Players have been temporarily locked, or protected from price movement at times in past seasons. The NTI counter for locked players also resets to zero. This usually happened in one of two scenarios:

  1. When a new player was added to the game, their price was locked for eight days or until the start of a new gameweek (where the gap between gameweeks was longer than eight days). Much like pre-season, this allowed the player to build up an ownership without their price changing. In 2015-16, at least one player appeared to be locked for more than eight days and this should continue to be monitored.
  2. After the status of a flagged player changed to so they were no longer flagged.

Transfers made by managers with an active wildcard were also believed to affect NTI figures, with one popular theory being that they don’t count at all towards NTI. If this is correct, a player who had 10,000 transfers in, including 5,000 on a wildcard, plus 1,000 non-wildcard transfers out, would only have had an NTI of 4,000. Wildcard transfers had the potential to skew how quickly a player rose or fell in price in a gameweek.

New to FPL for 2017-18 is the Free Hit chip, which acts like a one week wildcard, before the old team is restored the following week. I’ve not seen any discussion about the impact on NTI of transfers made using the chip, but if wildcard transfers don’t count towards NTI it would seem logical that Free Hit transfers wouldn’t count either.

Blank and double gameweeks also appear to slow the speed of price falls and price rises for the players involved. This phenomenon has only recently been spotted and the specifics are not well understood yet.

Predicting the price changes

FPL participants can get a very rough idea of which players might be heading for a rise or fall in a particular gameweek by selecting transfers in (round) and transfers out (round) from the “Sorted by” drop-down menu on the Transfers page of FPL. However, remember that a player’s NTI counter only resets to zero if they change in price or are locked. If Player B in our earlier example had an NTI of -80,000 between Gameweeks 1 and 2, then an NTI of 60,000 the following week, he would neither rise nor fall because his NTI thresholds were -100,000 for a fall and 40,000 for a rise and his counter at the Gameweek 3 deadline is at -20,000 (-80,000 + 60,000).

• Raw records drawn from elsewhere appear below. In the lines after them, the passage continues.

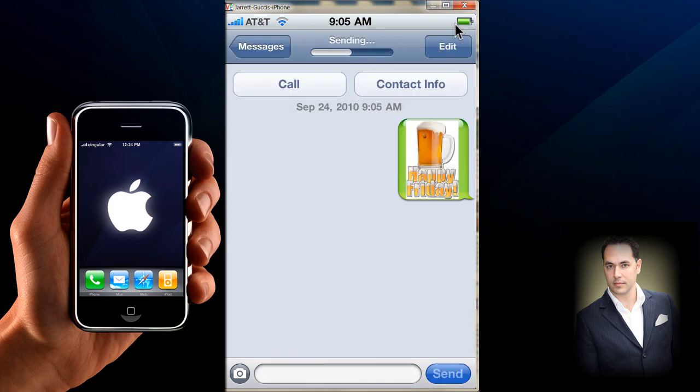And that's it — you send it. Just a really neat way if you want to express yourself with a photo: go online, search for one, save it, and paste it into a text message. Hope this was helpful and thank you for watching.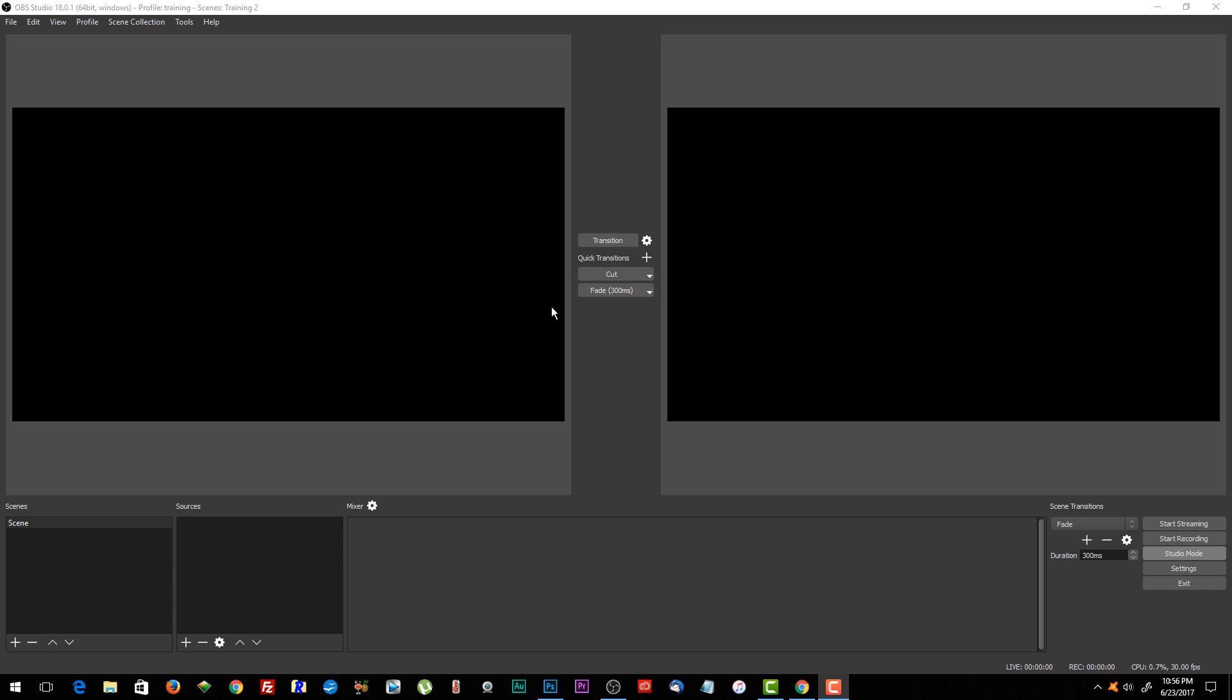In this video, I'm going to show you how to make a 24 hour a day, seven days a week, looped live video using OBS and VLC player.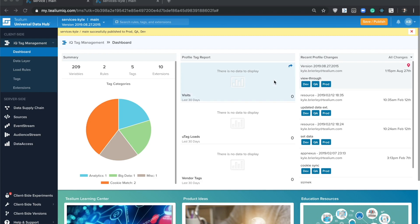This new view-through extension enables clients to track ad impressions served to their users via a tracking pixel, as well as associated metadata about the impression generated by the ad server.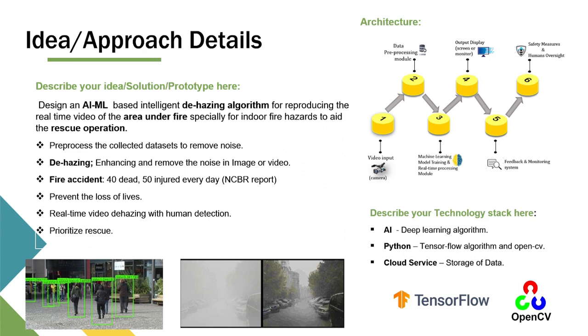For this we have come up with a new idea by integrating the human detection algorithm with the dehazing algorithm, so that it makes it easier for tracking humans who are under the fire accident region and aid them as soon as possible.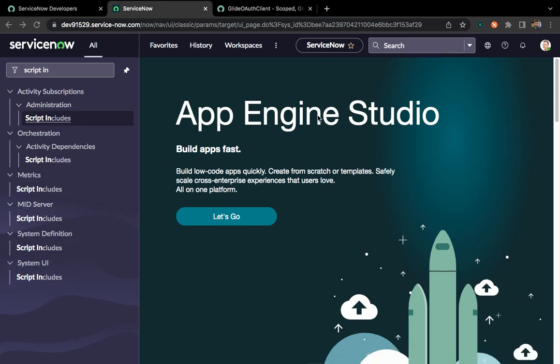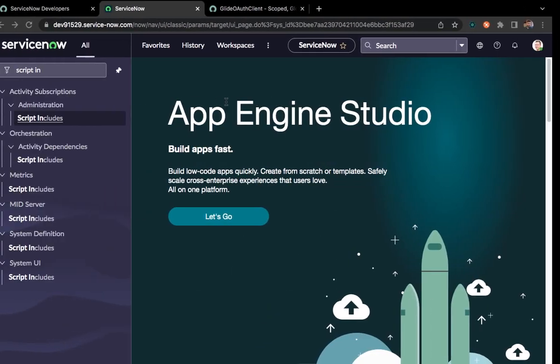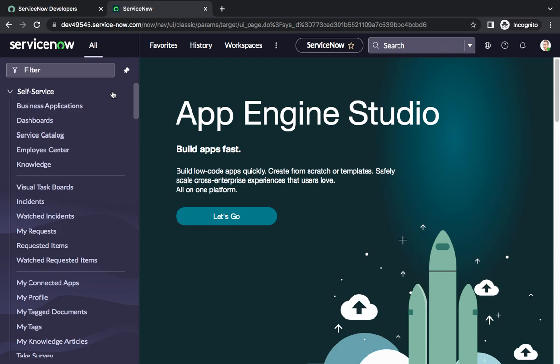Hi guys, today we'll do integration between two ServiceNow instances. You can do something similar with any third-party application. Here I have one instance and here I have another instance. We'll use OAuth 2.0 to generate a refresh token and access token, and we'll write a script to save the refresh token in a system property so we can use it in future scripts to perform operations in the third-party application.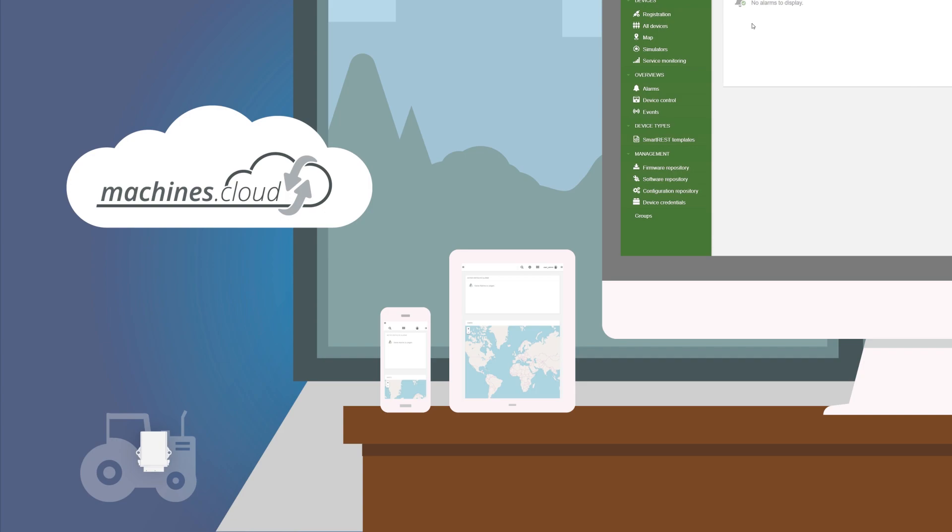A tenant is a part of machines.cloud, which can only be accessed by you. In your tenant, you can manage all your assigned devices that send data to the cloud.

Several price change prediction websites operate by monitoring the number of player transfers in and out, adjusting for the various factors that can affect NTI, and matching those figures against estimated price rise and fall thresholds to predict when a player is likely to increase or decrease in price. These sites display this as a percentage, with a player being predicted to rise when they reach or exceed 100 per cent, or fall when they reach or exceed -100 per cent. My favourite price change prediction site is FPL Statistics.

At the start of the season these prediction calculations are largely based on experience of how the price changes worked in previous years. Therefore they can be imprecise, particularly if, as in 2014-15, FPL changes the price rise and fall formula. Once the first price changes happen, the price change prediction websites will start to refine their threshold estimates and NTI calculations. As the season progresses they usually become more accurate.

During the first few days of the 2017-18 season the prediction sites have done fairly well at forecasting which players will be rising and falling in price each night, which suggests there haven’t been major changes in the price change formula this year. However, we will need more data to gain a clearer picture.